お互いの市庁舎は約12キロしか離れていないが、江戸時代は別々の藩だった。前橋藩は譜代大名の大物酒井氏と徳川家康の次男の血筋である越前松平氏が治めた。一方の高崎藩は有力譜代大名が度々入れ替わる。

仲の良くないことで知られる両市。その因縁は明治時代初期にさかのぼる。
原因をつくったのは2015年NHK大河ドラマ「花燃ゆ」のヒロイン文(ふみ)の2人目の夫である楫取素彦(かとりもとひこ)。

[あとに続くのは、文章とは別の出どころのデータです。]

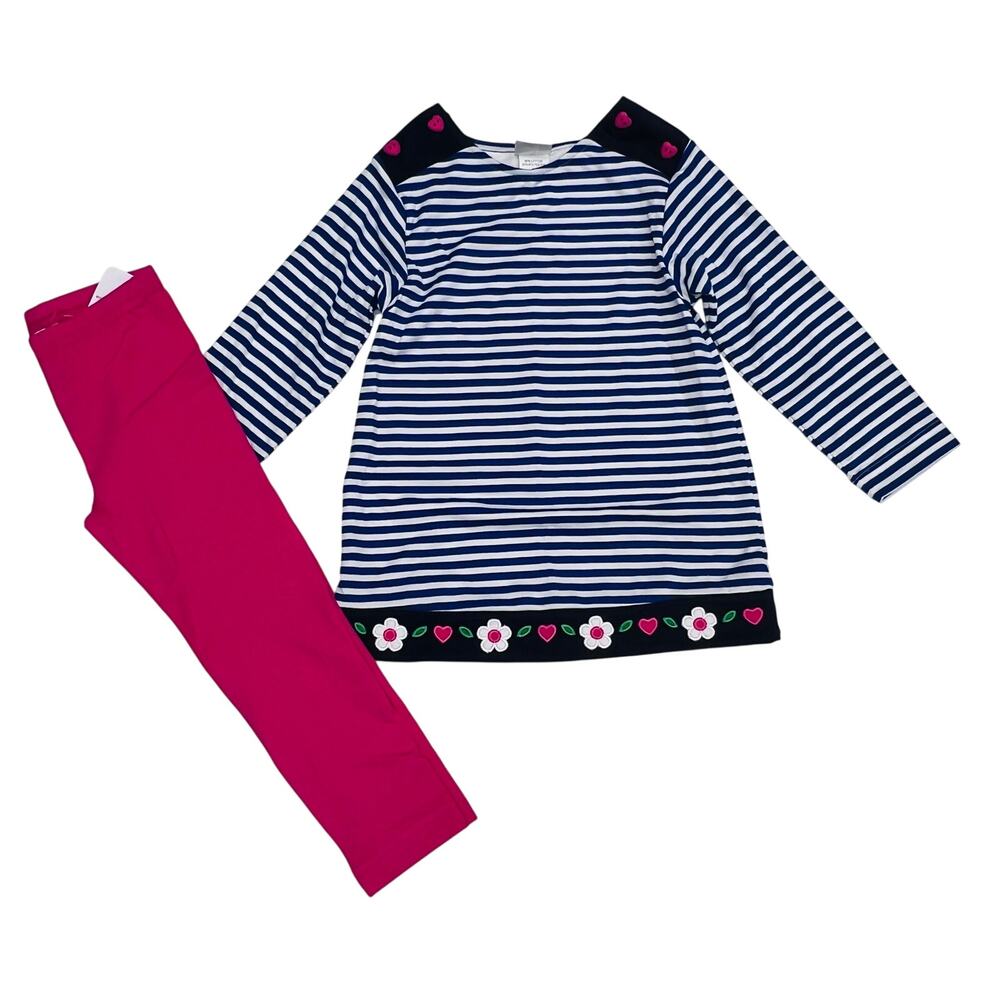 NWT Florence Eiseman Size 4T Knit Set with Hearts & Flowers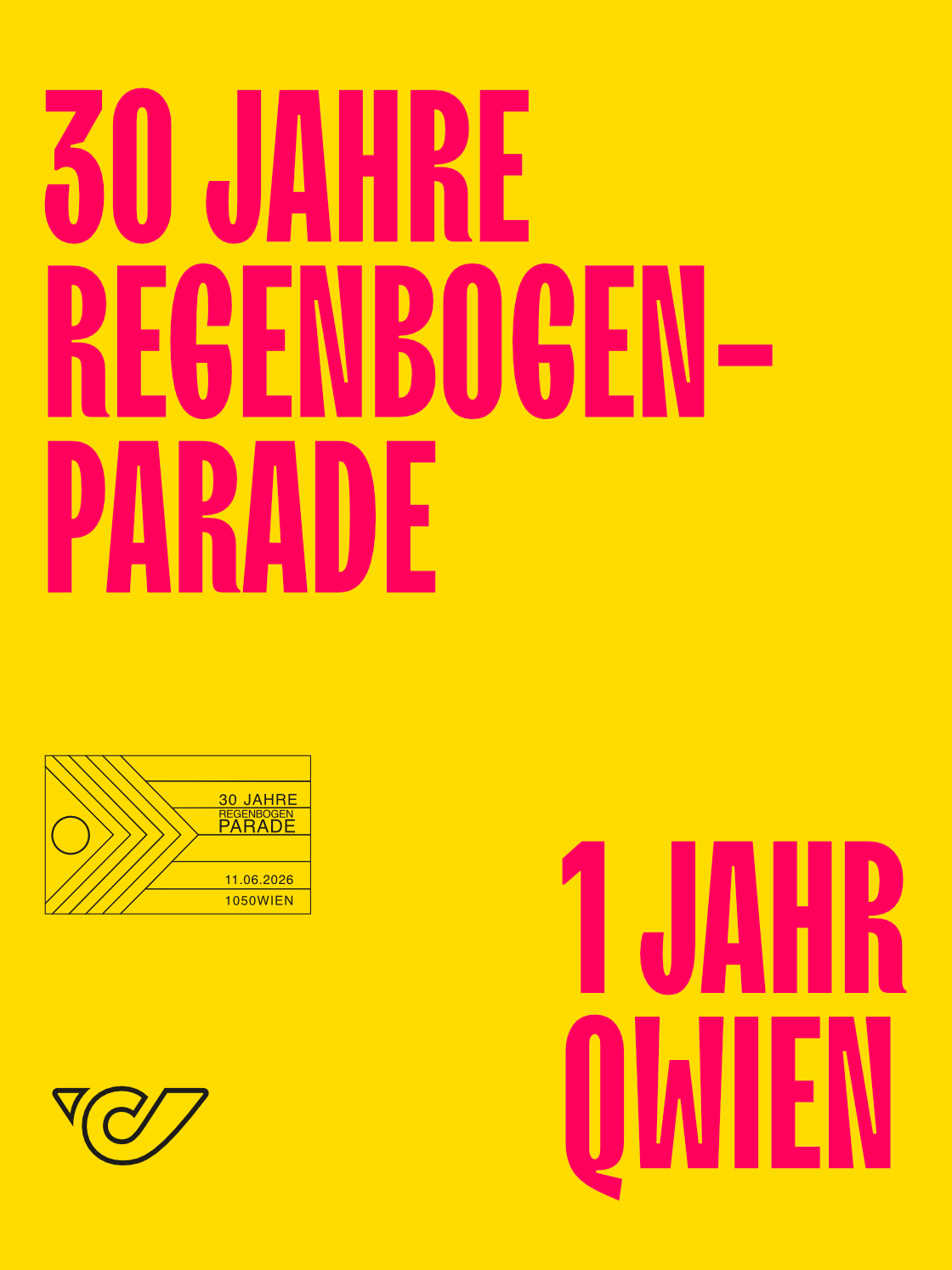 Präsentation einer Sonderbriefmarke zum 30. Jubiläum der Regenbogenparade in Qwien.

1876年、彼は県庁舎を高崎から前橋に移したが、高崎市民には「また元に戻すから」と説明していたという。
ところがその約束は守られず、1881年には「群馬県の県庁は前橋市に置く」という国の布告が出されてしまった。

群馬県庁新庁舎(0607crpさん撮影、Wikimedia Commonsより)
群馬県庁新庁舎(0607crpさん撮影、Wikimedia Commonsより)

現時点で県ナンバーワンの人口と商業規模を誇る高崎市。「県庁があれば前橋をはるかにしのぐ大都市になっていたかもしれないのに。そうすれば群馬がグンマー呼ばわりされることもなかった」と残念がる声はあちこちに上がる。行政と経済の分離を評価する声もないわけではないが。

群馬県内における前橋と高崎の位置関係。高崎は埼玉県境に飛び地がある(編集部作成)

群馬県内における前橋と高崎の位置関係。高崎は埼玉県境に飛び地がある(編集部作成)

いったいどちらの市が上なのか? Jタウンネットは両市の公式サイト等に掲載されている各種データをもとに、20項目で実力を判定した。

人口減少中の前橋と、微増の高崎

まずは「面積と人口」の4項目について。人口密度は前橋の方が上だが、それ以外の面積・人口・転入出超過は高崎が勝利した。もっとも、平成の大合併前は前橋の方が人口が多かった。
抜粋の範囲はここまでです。